More and More Lebanese Want to Leave the Country

Nearly half of Lebanese want to leave their country, according to research by Arab Barometer conducted between 2020 and the spring of 2021. That’s twice as many as in 2018. Of those surveyed, 44 percent are fed up with corruption, 29 percent have fears about security, and 22 percent want to leave for political reasons. In 2021 alone, 78,000 people left Lebanon—more than four times as many as in 2020.

Between 2017 and 2021, over 215,000 Lebanese chose emigration. By comparison, that’s as if 1.7 million people left Poland.

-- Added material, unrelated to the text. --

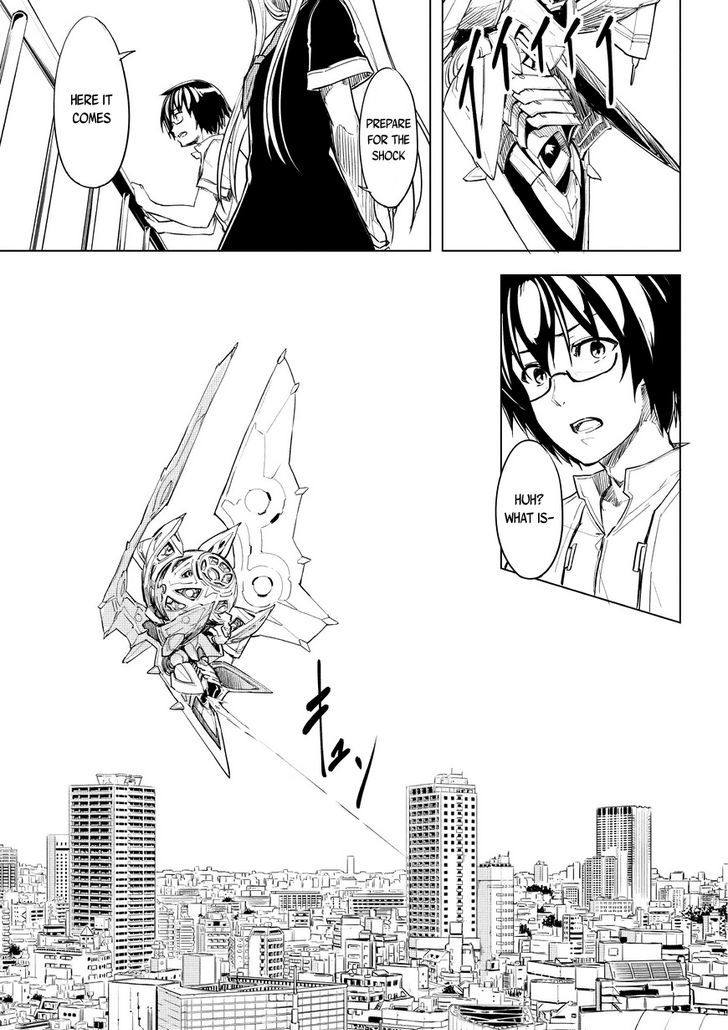 Kurogane no Ido Chapter 1 page 27 - Chapter 1
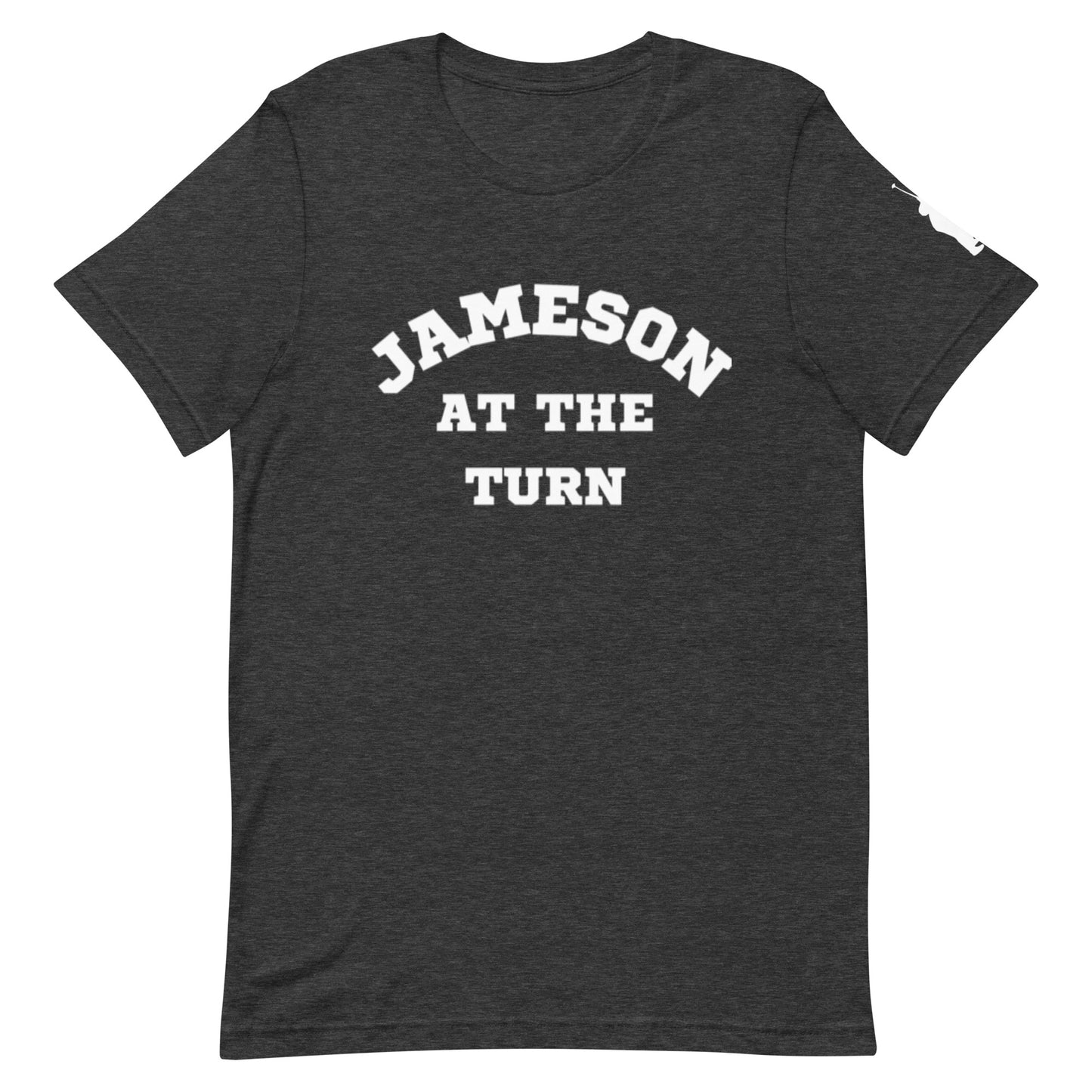 Unisex T-Shirt- Jameson at the Turn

Currently around eighty percent of Lebanese live in poverty. Some decide to travel to Europe on the dangerous maritime route. In just the first nine months of 2022, 2,670 people attempted to cross the Mediterranean Sea, more than twice as many as in 2021 (1,137 people). The destination of migration has also changed: smugglers are increasingly directing boats to Italy, not to Cyprus. A recent catastrophe on the coast of Syria on September 22 killed over a hundred out of 150 Lebanese, Syrians and Palestinians who were trying to leave Lebanon.